Quando Andrômeda entrou na minha vida, ela chegou como um presente. Um presente, mesmo! Há 14 anos eu ganhava uma bolinha de belos pelos brancos e felpudos de um homem que um dia amei e que, talvez, tenha me amado…
Gorduchinha e de perninhas curtas, parecia um floco de algodão transitando por toda a casa. Ela sempre soube que era a rainha do lar, e assumiu sua majestade com toda a elegância e domínio próprios de um bicho felino.

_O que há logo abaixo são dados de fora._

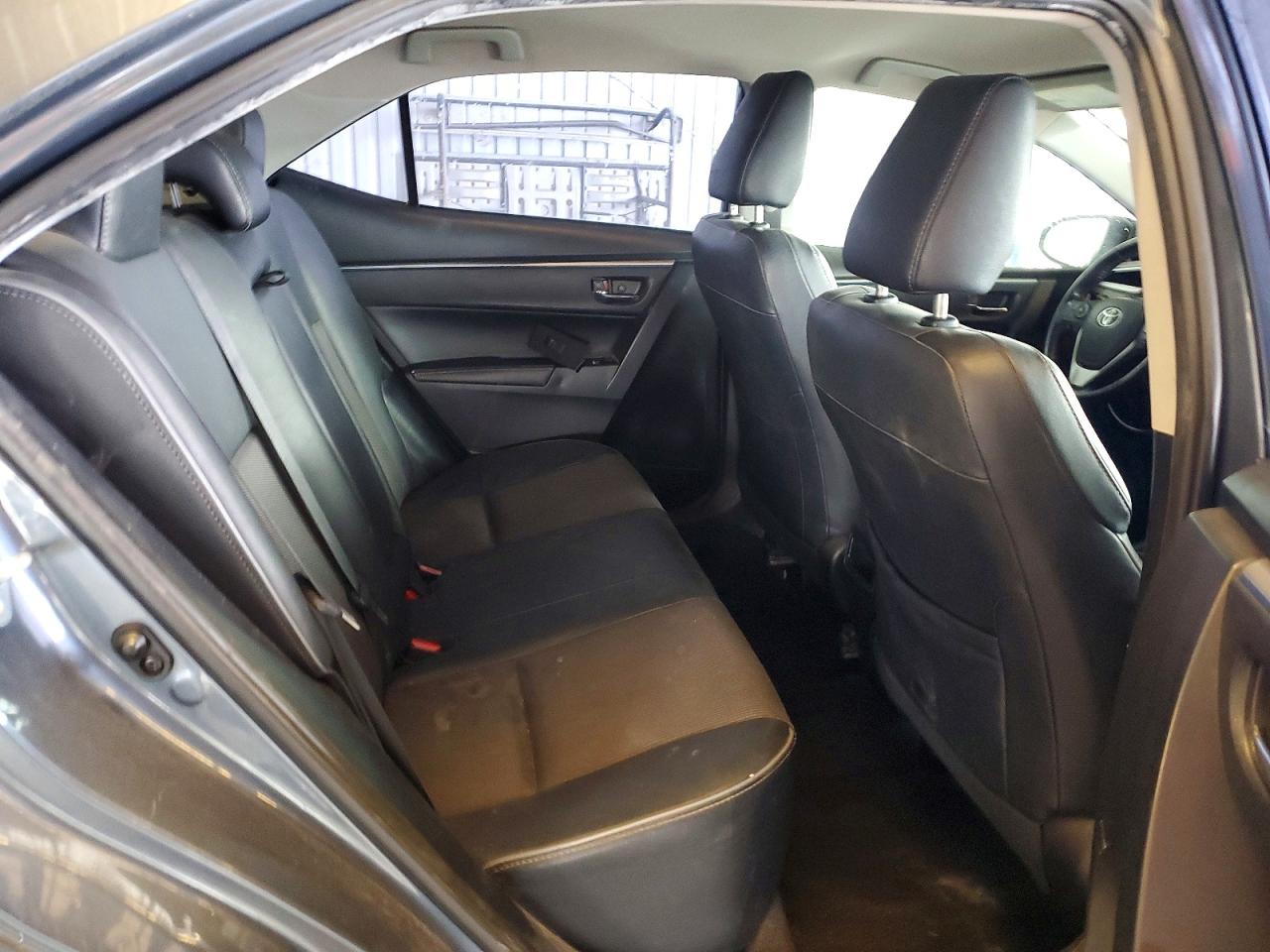 2015 TOYOTA COROLLA S PLUS photo 19
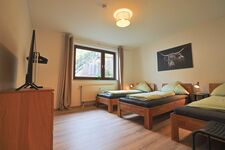 Schlafzimmer mit 3 Betten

Ela, minha bola de algodão doce.
Andrômeda não caminhava pela casa: desfilava. Olhava-nos com aquela superioridade silenciosa de quem sabia exatamente o quanto era amada. Dormia onde queria, exigia carinho no horário que decidia e transformava qualquer canto da casa em território sagrado apenas por estar ali. Havia nela qualquer coisa de divino. Um ser moldado pelas mãos distraídas de uma deusa apaixonada por nuvens.
Mas foi num feriado de Finados, há mais de dez anos, que Andrômeda me mostrou que até os seres mais majestosos carregam mistérios impossíveis de compreender.
Eu voltava de viagem quando a vi sair lentamente do guarda-roupa. Seu andar tinha uma solenidade diferente naquela tarde. E então ouvi um som miúdo, quase um suspiro de vida. Dois olhinhos azuis me encaravam curiosos da escuridão entre as roupas.
Ali estava ele…
Pequenino. Frágil. As orelhas ainda coladas, o corpinho parecendo um flan de coco coberto por uma calda de caramelo derramada às pressas pelas deusas do acaso. Um bebê improvável surgido do impossível.
E Andrômeda… ah, Andrômeda tinha nos olhos uma expressão que eu jamais esqueceria. Não era apenas altivez. Era orgulho estampado em um brilho manso de quem apresentava ao mundo aquilo que tinha de mais precioso.
Ali estava ela…
Naquela noite, Andrômeda deixou de ser somente rainha. Tornou-se mãe.
Passei horas tentando compreender aquele milagre doméstico. Como podia? Andrômeda, que não saia de casa, que não se aventurava na night, que nunca esboçou nenhum sinal de que entrara alguma vez no cio, agora dividia comigo o segredo mais delicado da existência. E ela fazia isso à sua maneira felina: sem explicações, sem cerimônias, apenas confiando.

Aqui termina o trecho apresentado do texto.